Recorded information.
:::::
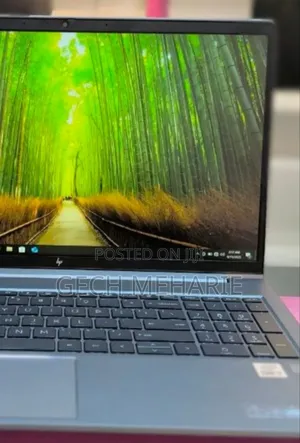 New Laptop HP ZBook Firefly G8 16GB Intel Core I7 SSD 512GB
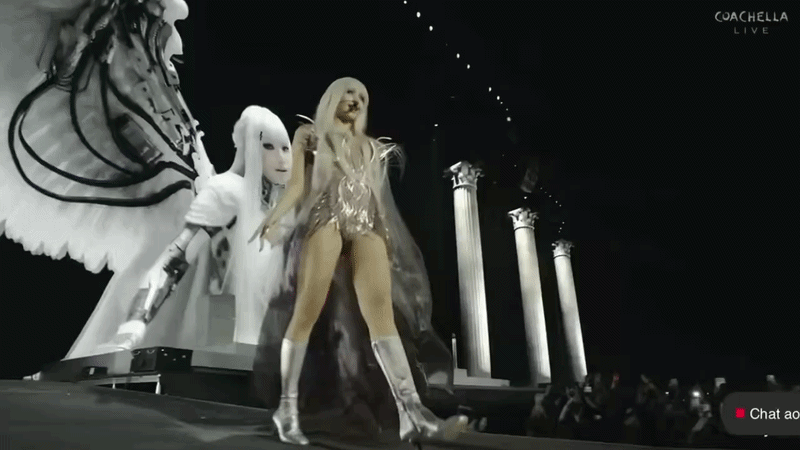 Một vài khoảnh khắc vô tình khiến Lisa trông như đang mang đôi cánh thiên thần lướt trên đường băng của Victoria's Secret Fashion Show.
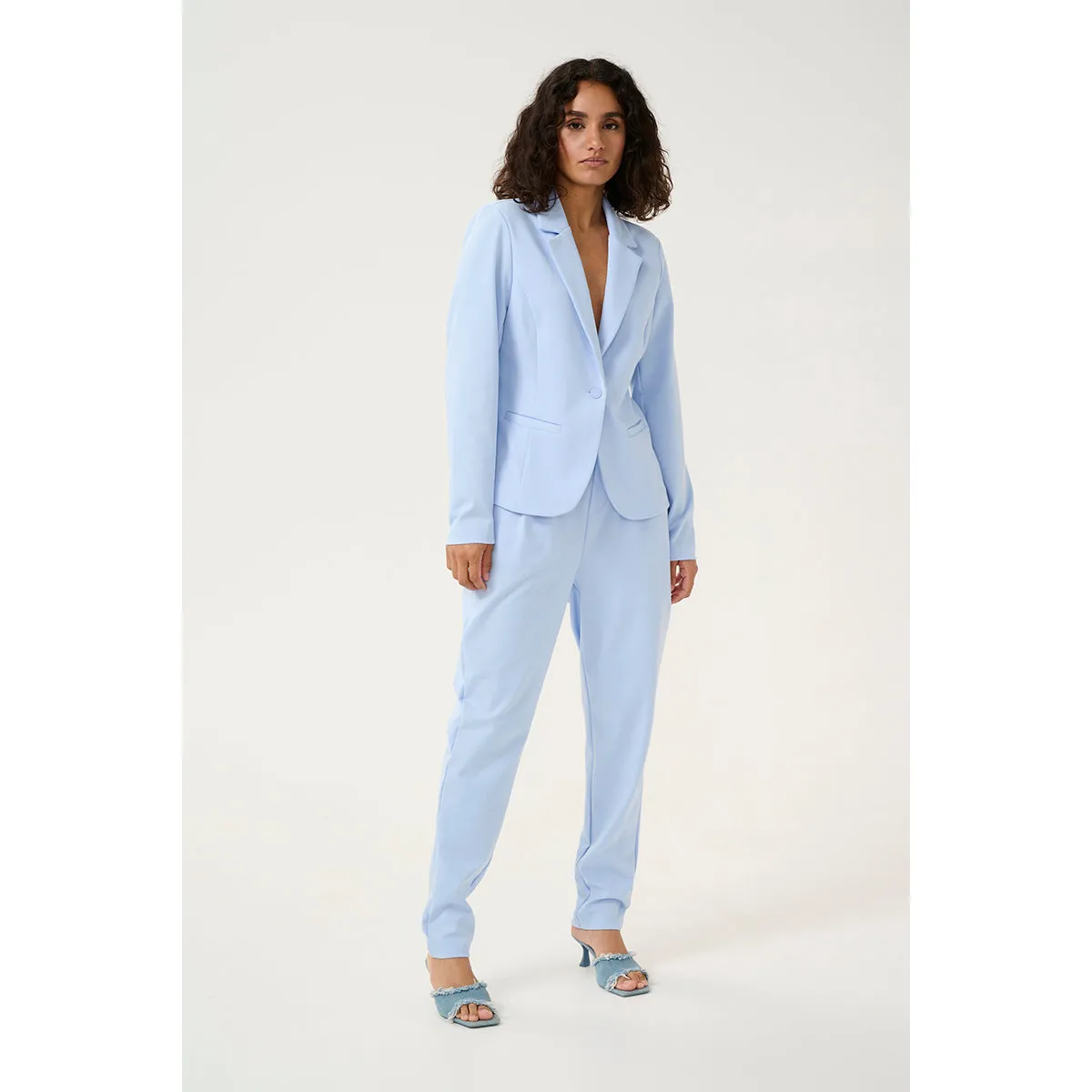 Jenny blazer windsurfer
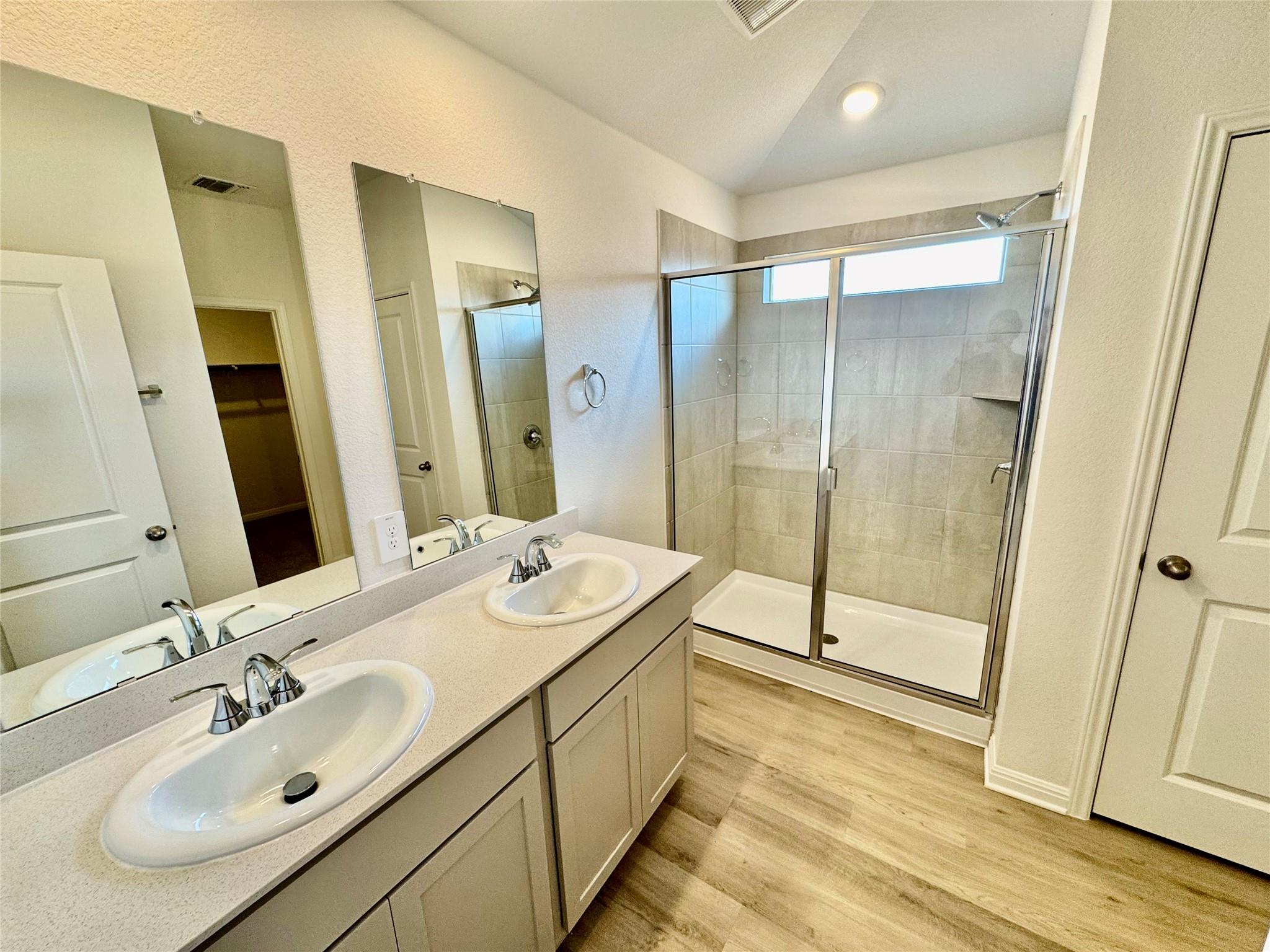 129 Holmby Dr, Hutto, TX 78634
:::::
Write every line above out again exactly; pictures do not belong in the copy.

Solution below.
 New Laptop HP ZBook Firefly G8 16GB Intel Core I7 SSD 512GB
 Một vài khoảnh khắc vô tình khiến Lisa trông như đang mang đôi cánh thiên thần lướt trên đường băng của Victoria's Secret Fashion Show.
 Jenny blazer windsurfer
 129 Holmby Dr, Hutto, TX 78634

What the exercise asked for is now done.